Assigned task
Every line of the data should be written out exactly, with the pictures left out.

Available data
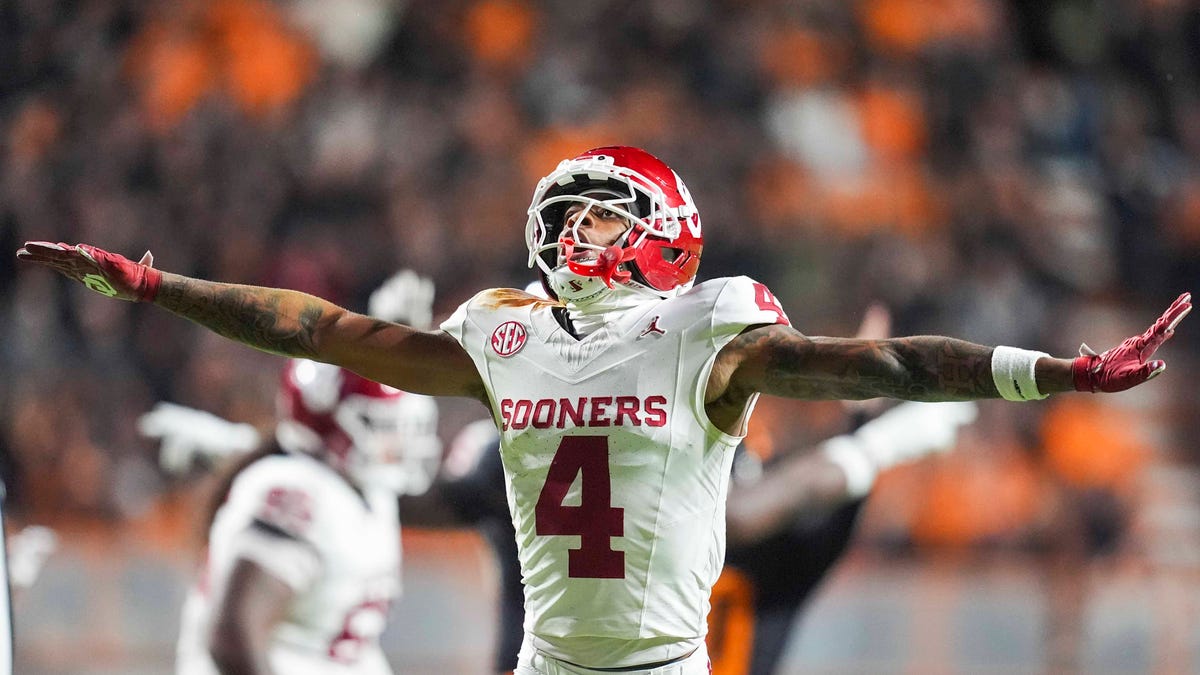 Tennessee football playoff hopes go dark in loss vs Oklahoma big-play defense | Adams Tennessee football playoff hopes go dark in loss vs Oklahoma big-play defense | Adams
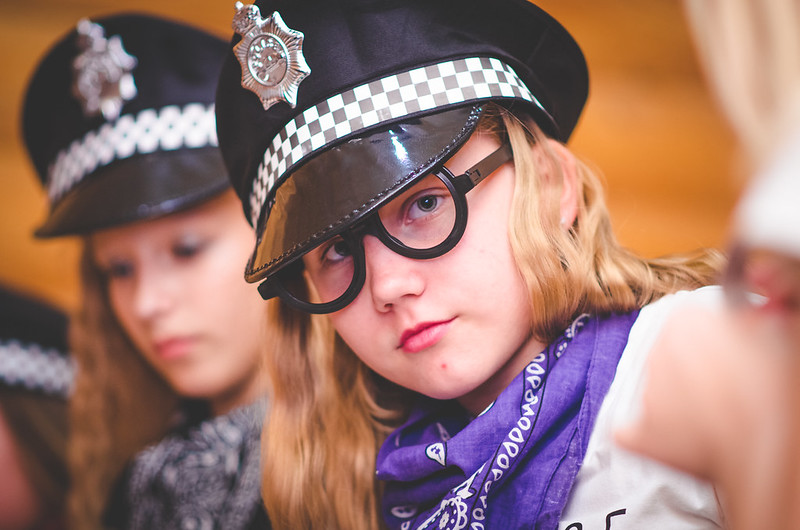 Как отметить 8 Марта в школе: веселый праздничный концерт в Naberezhnye Chelny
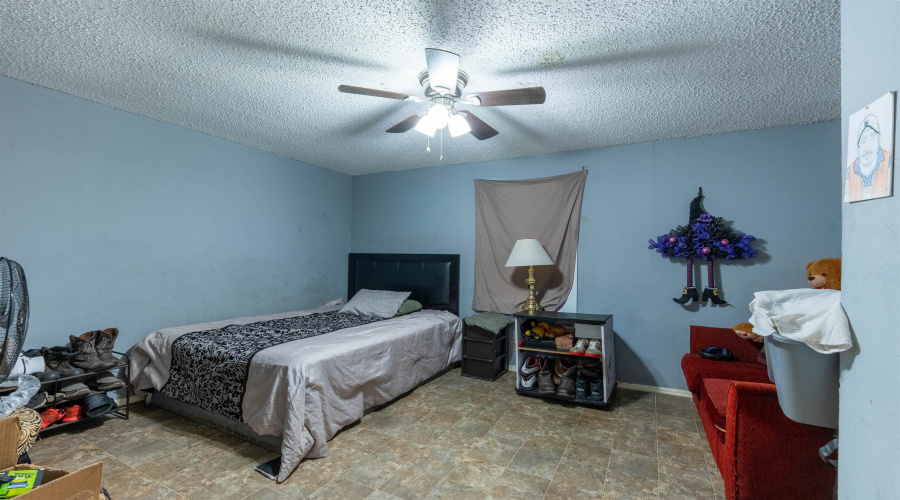 102 Chihuahua St, Laredo, Texas 78040, 7 Bedrooms Bedrooms, 10 Rooms Rooms,3 BathroomsBathrooms,Residential,For Sale,102 Chihuahua St,20264500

Response box
 Tennessee football playoff hopes go dark in loss vs Oklahoma big-play defense | Adams Tennessee football playoff hopes go dark in loss vs Oklahoma big-play defense | Adams
 Как отметить 8 Марта в школе: веселый праздничный концерт в Naberezhnye Chelny
 102 Chihuahua St, Laredo, Texas 78040, 7 Bedrooms Bedrooms, 10 Rooms Rooms,3 BathroomsBathrooms,Residential,For Sale,102 Chihuahua St,20264500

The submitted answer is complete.